• EXERCISE PROMPT: Pictures within the data are to be left out; everything else must be reproduced exactly.

• GIVEN MATERIAL:
────

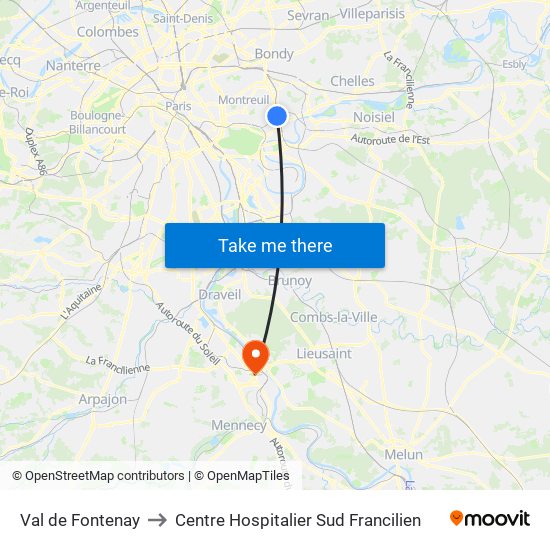 Val de Fontenay to Centre Hospitalier Sud Francilien map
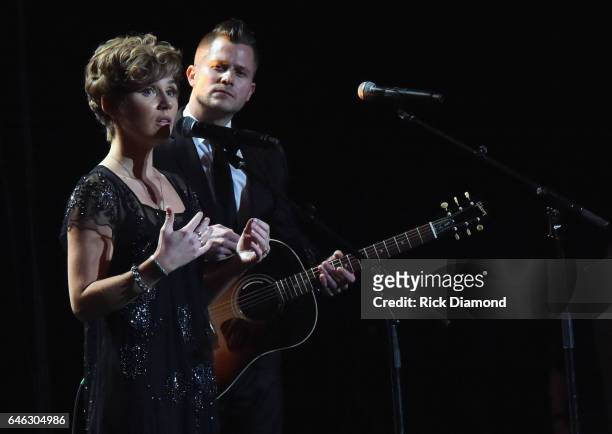 Clare Bowen and Brandon Robert Young perform at the T.J. Martell Foundation 9th Annual Nashville Honors Gala at Omni Hotel on February 27, 2017 in...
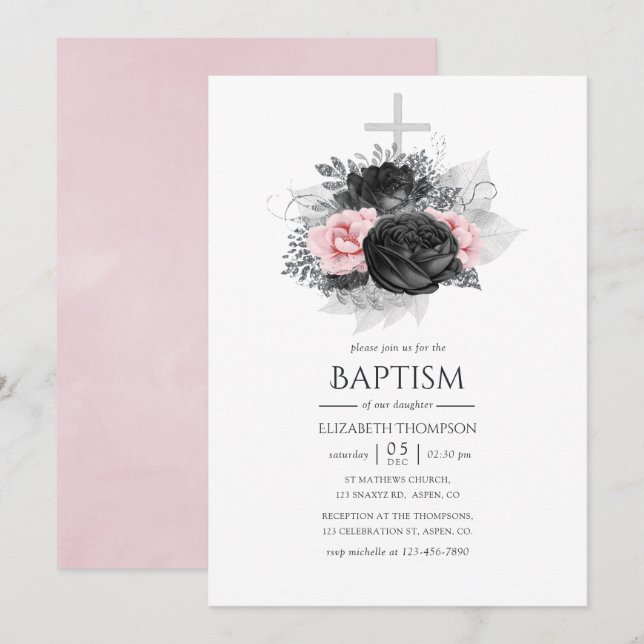Svart Rosa och Silver Vintage Ro Baptism Inbjudningar (Fram/baksida)
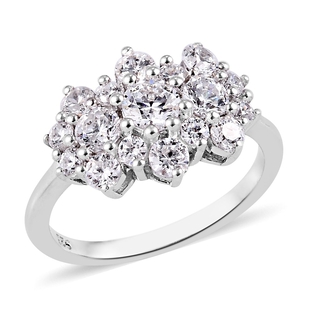 J Francis Made with Finest CZ Cluster Ring in Platinum Plated Sterling Silver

────

• ANSWER BOX:
 Val de Fontenay to Centre Hospitalier Sud Francilien map
 Clare Bowen and Brandon Robert Young perform at the T.J. Martell Foundation 9th Annual Nashville Honors Gala at Omni Hotel on February 27, 2017 in...
Svart Rosa och Silver Vintage Ro Baptism Inbjudningar (Fram/baksida)
 J Francis Made with Finest CZ Cluster Ring in Platinum Plated Sterling Silver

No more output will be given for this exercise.